Requirement » Both the line below containing "LAUREN Ralph Lauren" and the line containing "Шоколад молочный и", along with every line between them, should be repeated exactly; no other line belongs in the answer.

Source material »
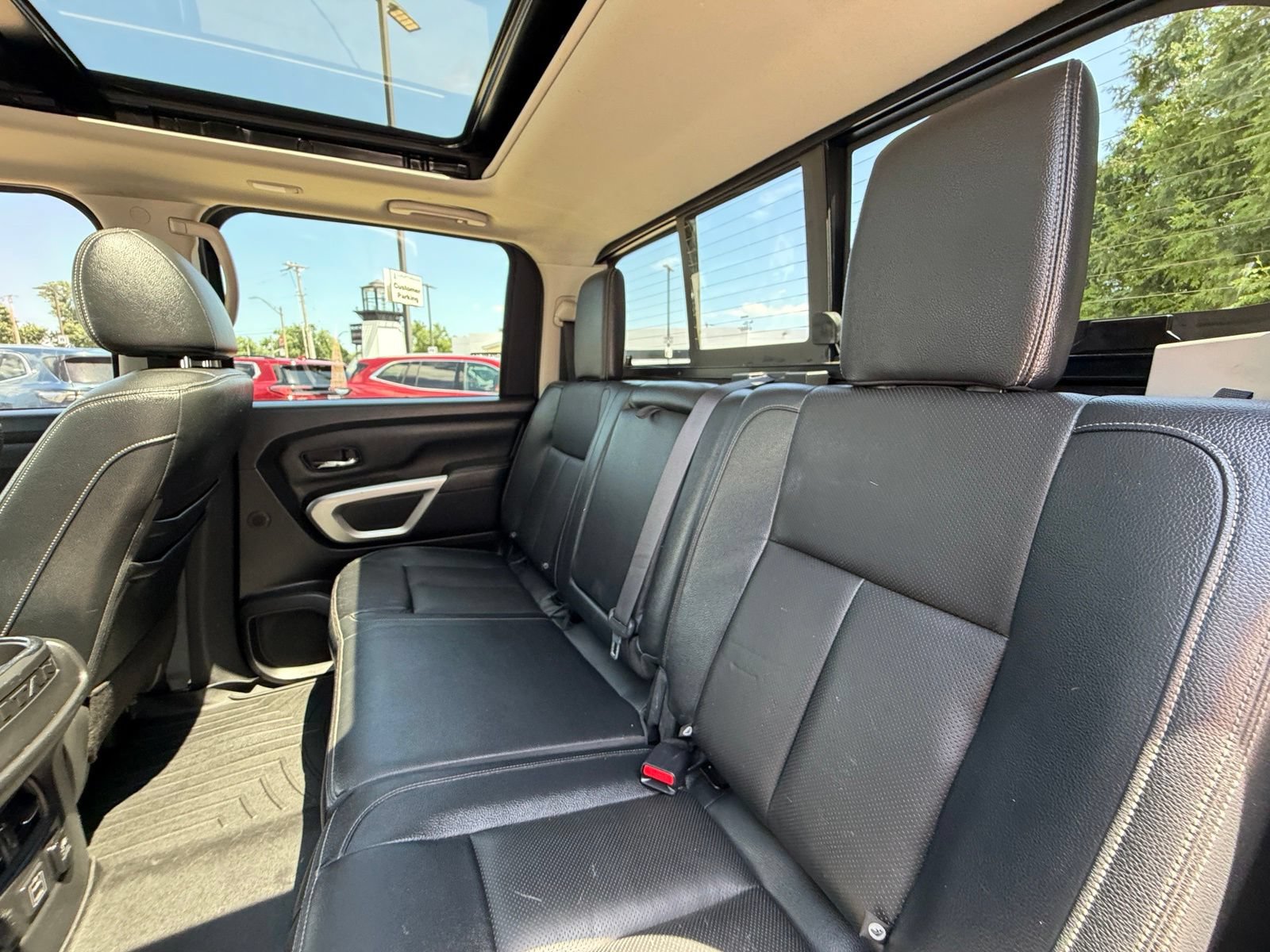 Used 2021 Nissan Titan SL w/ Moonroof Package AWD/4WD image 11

---

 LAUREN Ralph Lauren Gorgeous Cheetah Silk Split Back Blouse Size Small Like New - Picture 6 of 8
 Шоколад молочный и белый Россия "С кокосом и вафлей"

Output below »
 LAUREN Ralph Lauren Gorgeous Cheetah Silk Split Back Blouse Size Small Like New - Picture 6 of 8
 Шоколад молочный и белый Россия "С кокосом и вафлей"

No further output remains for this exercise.